In fluent, you can consider the stationary air at time zero and you should consider moving wall boundary condition for external wall of your car. You should mesh the outside part of your car that you guess there is boundary layer, the part of air around the car that is influenced by car moving.
Be successful.

Hello smhosseini,

thanks for your reply. Unfortunately, I'm a bit confused. You mentioned that I should consider air as stationary at time zero.
Can you please explain this point ?
Do you mean that I should do a transient simulation ?
I thought that for this case, a time steady simulation would work.

Thanks, again,

Harshal

I'm sorry because I didn't explain completely.
You can solve this problem steady or unsteady. I mean you don't need any inlet or outlet flow. you can start iteration with stationary air for steady state solution. If you need the variation of boundary layer with time, you can solve unsteady problem.

Hello smhosseini,
thank you for your reply. I plan to do a time steady state simulation. In fact, I have several doubts regarding the setting in Fluent and have posted the same in the Fluent forum. Would you be so kind to view my post and to answer it ? I have posted the link below. It would be really helpful, if you could answer or suggest some solutions for my doubts.

http://www.cfd-online.com/Forums/flu...downforce.html

Thank You,
Regards,

Harshal

Simultaneous simulations for different speeds
 

Hello all,
I need your help. I have to find out the Cd and Cl values for a car using k-epsilon and k-omega models for multiple speeds (about 15 different speeds). Can some one please tell me how to do that ?

Thanks a lot,

Harshal

Your coefficients shouldn't change with speed.

Hello Plucas,
thanks for your reply. Yes, you are right. Ideally, the Cd and Cl values should not change w.r.t speed. However, since the accuracy of results in CFD depend on numerous factors, it is quite possible that one does not get constant values for different inputs (here speed). So, I want to find out if the values change w.r.t speed and if they do, by how much.

Thanks again,

Harshal

Cl and Cd depend on reynolds number, i.e. on speed

As somebody already said, you need your road as a sliding wall if you want your car to be simulated in operating road conditions


How would you do that? Sliding mesh?

Maybe the results would not change (I'm not completely sure though) but the cost of your simulation will change a lot.

Hello truffaldino,
thanks for your reply. I'll look further into this and see if and how the Cd and Cl will change with increasing speeds.

Hello,
could you please tell me how the Cd and Cl values will change for increasing speeds (30 m/s, 40 m/s and 50 m/s).

Will both or any one of Cd and Cl increase / decrease with increasing speeds ?
Which parmeter of the two will change more than the other ?

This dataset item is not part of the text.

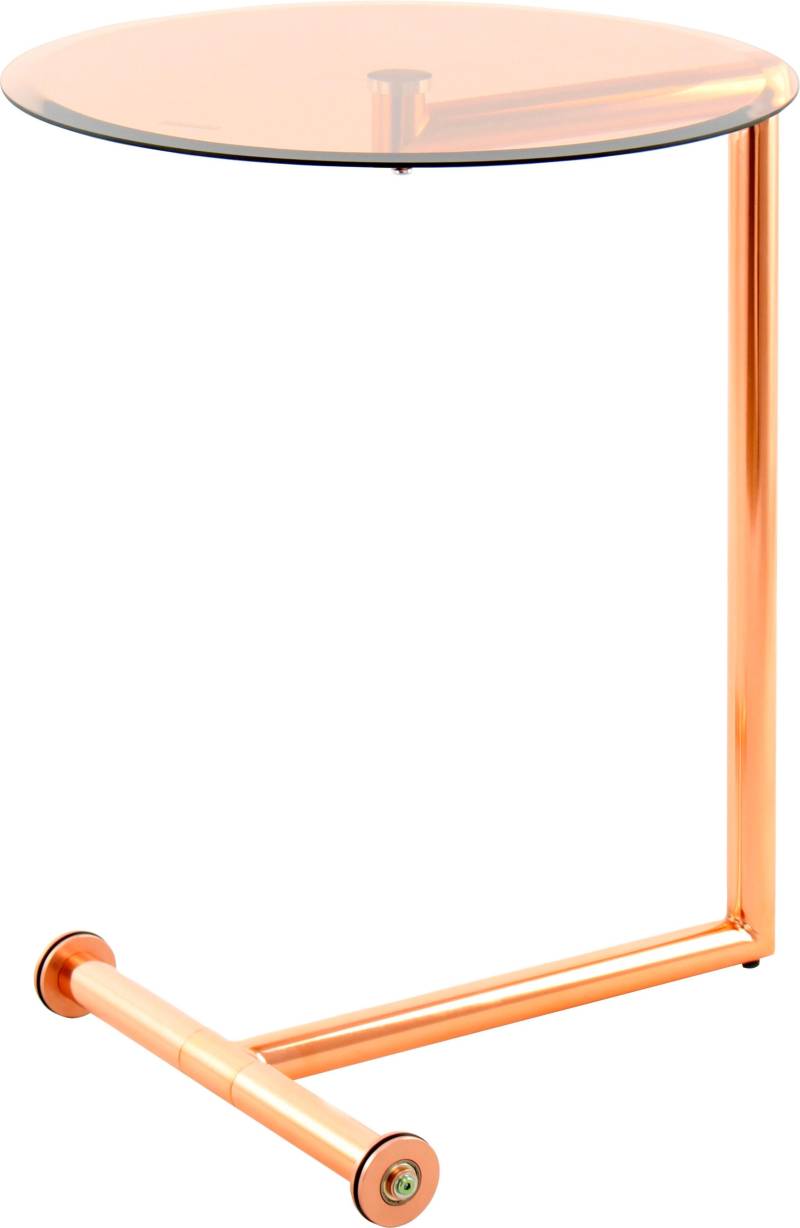 Kayoom Beistelltisch »Luciana, Beistelltisch für das Sofa, glamouröses, edles Design«, (1 St.), Moderne C-Form, unterm Sofa schiebbar, runde Tischplatte von Kayoom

Anything like that would be very helpful.

Thanks,

Harshal

Yes it does at 100% theory level. In application, a vehicle at those speeds he requested, the coefficients should be the same.

For which speed does a car manufacturer specify car's Cd value ?
 

Hello,
I have a question regarding Cd value.
As I learned recently, the Cd value depends on the speed.
However, when car manufacturers declare the Cd value of a vehicle, I noticed that they simply mention the Cd value, without specifying the corresponding speed.

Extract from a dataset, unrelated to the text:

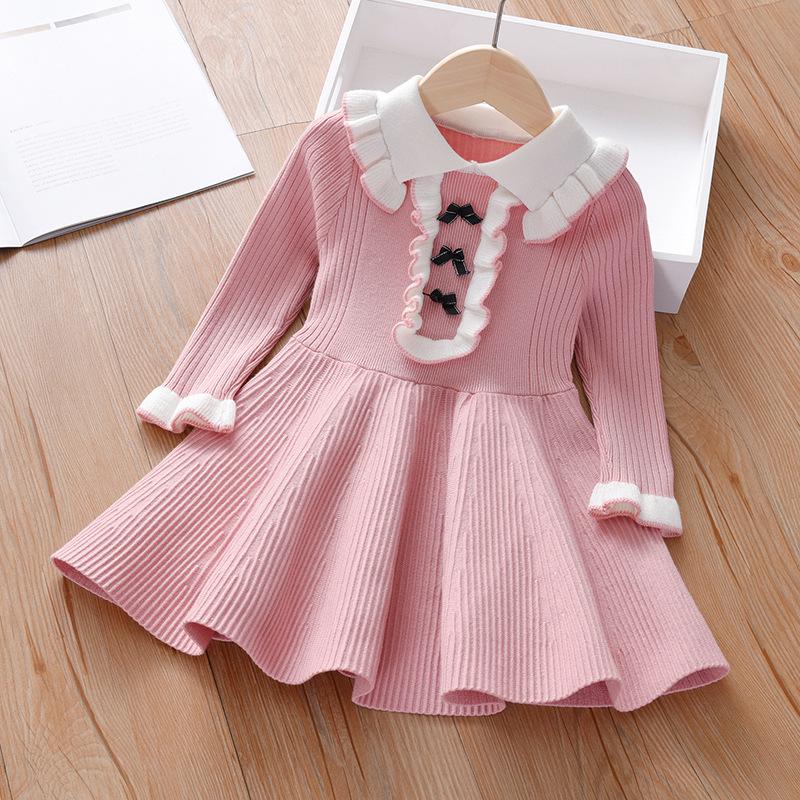 2025 Girls' Woolen Princess Dress – Autumn/Winter Long Sleeve Korean Style for Children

I have carried out several simulations for various speeds ranging from 30 m/s to 50 m/s and need to determine the accuracy of my results. For this, I am comparing my simulation values to the Cd value of 0.35 declared by the manufacturer.

However, I do not know for which speed the Cd value should be 0.35. Hence,I am unable to draw any conclusion from my results.

So, does anyone know how the Cd value of a vehicle is specified ? Is there any standard test cycle procedure like in case of fuel consumption, to determine the Cd ?

I would appreciate any insight or information regarding this.

Thanks,

Harshal

Hi


Simply: No, the drag coefficient should be completely independent from the speed. It is a dimensionless coefficient and is made for comparing the aerodynamics of different shapes, even if speed, Reynold number and even size is different, think of airplane models in experiments (btw. these three always correlate anyway). This doesn't hold for all speed regimes but for a quite large regime the drag coefficient is indeed more or less reynold independent, which is surely what plucas meant, too.
The coefficient is defined as the proportion of the force on the body and the "possible force" from the flow around it, measured by the dynamic pressure.

cd = F / (rho/2 u^2 A)

The area A is some area which is characteristic for your body. Aerospace engineers use the wing area, car engineers use the projected front area of the car, usually without mirrors as far as I know.

Long story short. Let fluent calculate the force on your body aka on all body surfaces, divide the force by half of your density, the square of your inlet velocity and the projected surface of your car. Plot the cd for different velocities and you'll see they will be roughly the same. -> done :)

Have fun